Monday, February 26, 2024

Notes on Raíz (Through Rocks and Clouds), by Franco Garcia Becerra, Peru: 2024-Berlin Filmfestival2024 VIII.-Generation




Raíz takes place at the time of the qualification for the Football World Championship in Russia 2018, when only a few matches separate the nationnal team of Peru from qualification. All what we see in this film is already recent history. The film takes place in the Peruvian Andes. The boy Feliciano is part of a community of Alpaca herder. Most of this indigene community earns a living from selling Alpaca wool. But minor companies are still getting their hands on this land.

The wild and breathtaking beautiful mountain landscape show already signs of disgrace and destruction. The Alpaca herder are already divided in a group who is willing to sell their land and a group who resists. Most of these people fear that their traditional way of life, their culture is threatened by the miner companies. The presence of the miners are visible in scars in this landscape already caused by them. The landscape, how it is presented in stunning cinemascope images appears for now like one of the last paradises on earth.

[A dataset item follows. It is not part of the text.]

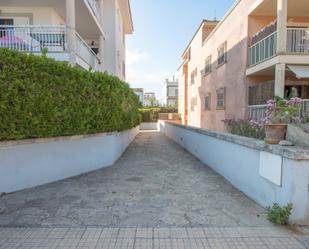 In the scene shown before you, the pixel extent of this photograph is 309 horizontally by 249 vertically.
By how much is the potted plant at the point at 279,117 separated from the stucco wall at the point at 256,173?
11.8 inches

It really does not matter that the film is on the surface for now a beautiful drama appropriate for the very young audience. There is enough humor (Feliciano named his favorite Alpaca w”Ronaldo”). An old transistor radio is the only contact to the world outside. For watching a football match at TV, the people have to go to the nearest town. Into this seemingly “Feel good” film there is a very disturbing moment when the herders learn that some Alpaca´s are killed, probably by henchmen of the miner company for intimidating this community. It does not really matter how the film concludes, these traces of destruction this threat to a community which represents an own culture is an obvious wound in this incredible beauty.

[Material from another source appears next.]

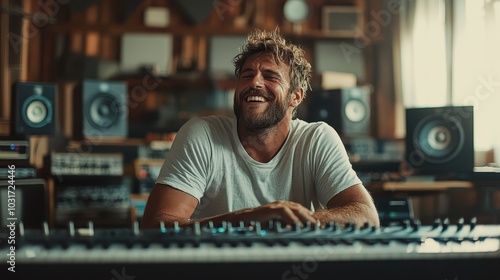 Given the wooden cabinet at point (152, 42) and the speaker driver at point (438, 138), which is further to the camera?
the wooden cabinet at point (152, 42)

The reason I do not get this film out of my mind, is not easy to explain. There is something which reminds me in the time when we were told fables and fairy tales in our childhood. Even though most of these modified fairy tales appropriate for children have happy endings, but the scaring parts of a fairy tale remains nevertheless as much in my memory than the enchanted happy ending. The tricky thing with cinema is, that it presents very often paradises but as well the idea that this specific paradise has already perished and the images wee see are only projections of a world which doe not exist anymore. Not only are the traces of destruction in In Raíz visible, it feels like Becerra wants us to see them. Raíz is a film of two opposite forces.The first one is the almost solemn evocation of the natural beauty of the landscape, this community and the solidarity of its people which keeps it together. The other force is the permanent resonating idea that this beauty is in danger to vanish, if it has not vanished already.

It does not matter how the film ends. When the last image disappear into the ending credits (a cinematic ritual and a much underrated aspect in the art of filmmaking) it can sometimes be as intense like we see the very last time a sunset. One has to choose on its own if one is enchanted by this images of incredible beauty or if one feels like mourning about the images as a reflex of a world which has already perished. For me, it is just the tension between the two opposite aspects which made it unforgettable. Anyway, Raíz by Franco Garcia Becerra is a fascinating piece of cinema.